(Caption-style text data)
***
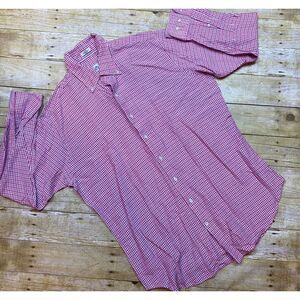 Peter Millar Long Sleeve Men's Size Large Linen Silk Blend Plaid‎ Shirt Check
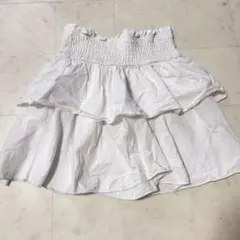 SHEIN コントラストレースフリルスカート ホワイト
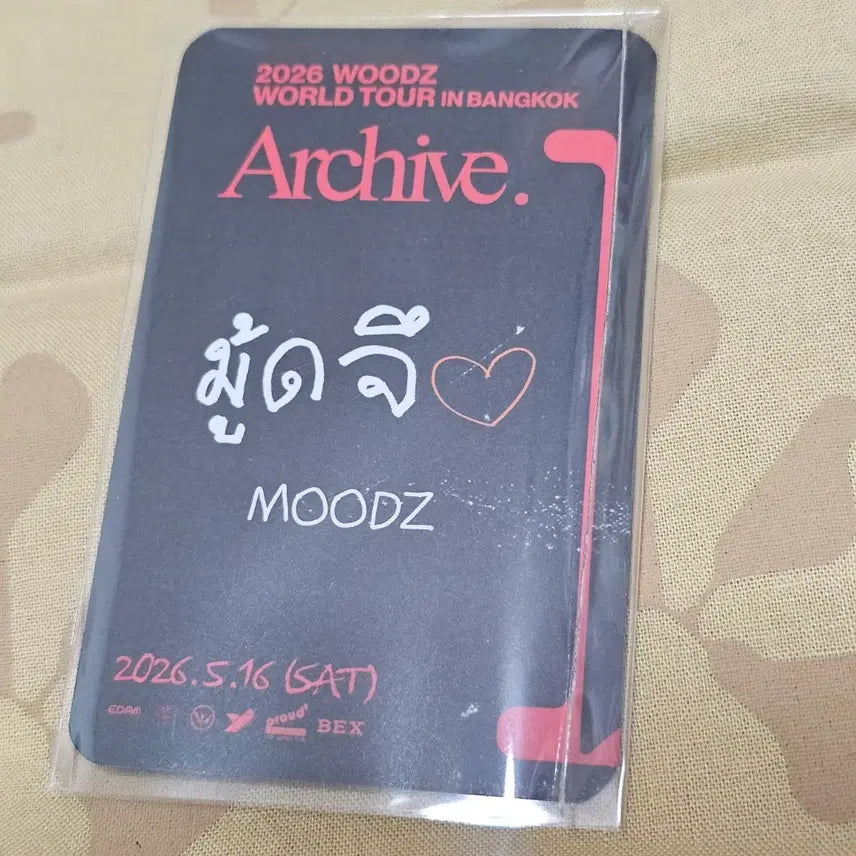 [BUNJANG] WOODZ 2026 World Tour Bangkok Concert Photocard / 우즈 2026 월드투어 방콕 콘서트 기념포카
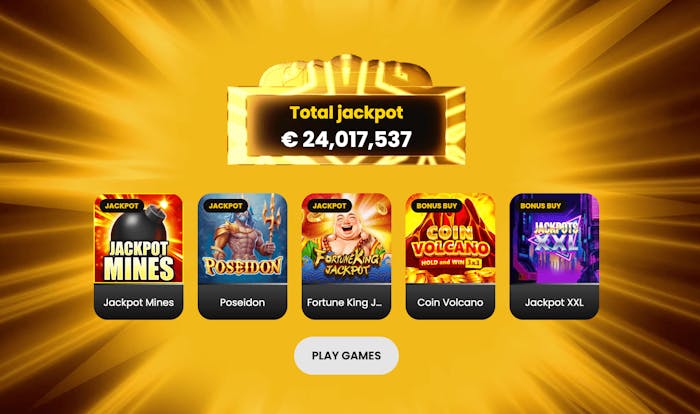 Jackpot-mätare med spel under som visar var du har chans att vinna den.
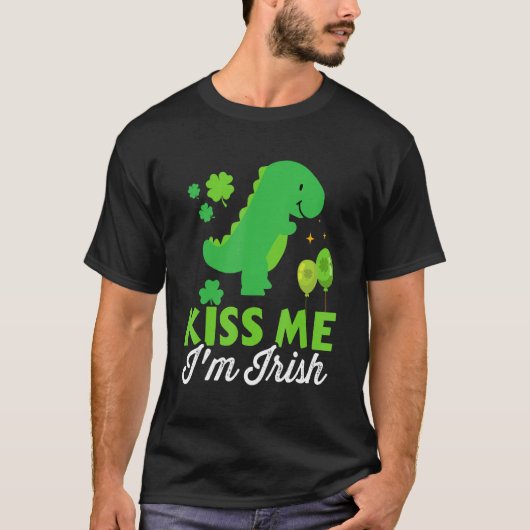 Kiss me I'm irish cute dinosaur t-rex St Patricks T-shirt (Voorkant)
***
▸ **To do**: None of the pictures belongs in the answer, but all the entries must be repeated exactly.

▸ **Expected output**:
 Peter Millar Long Sleeve Men's Size Large Linen Silk Blend Plaid‎ Shirt Check
 SHEIN コントラストレースフリルスカート ホワイト
 [BUNJANG] WOODZ 2026 World Tour Bangkok Concert Photocard / 우즈 2026 월드투어 방콕 콘서트 기념포카
 Jackpot-mätare med spel under som visar var du har chans att vinna den.
 Kiss me I'm irish cute dinosaur t-rex St Patricks T-shirt (Voorkant)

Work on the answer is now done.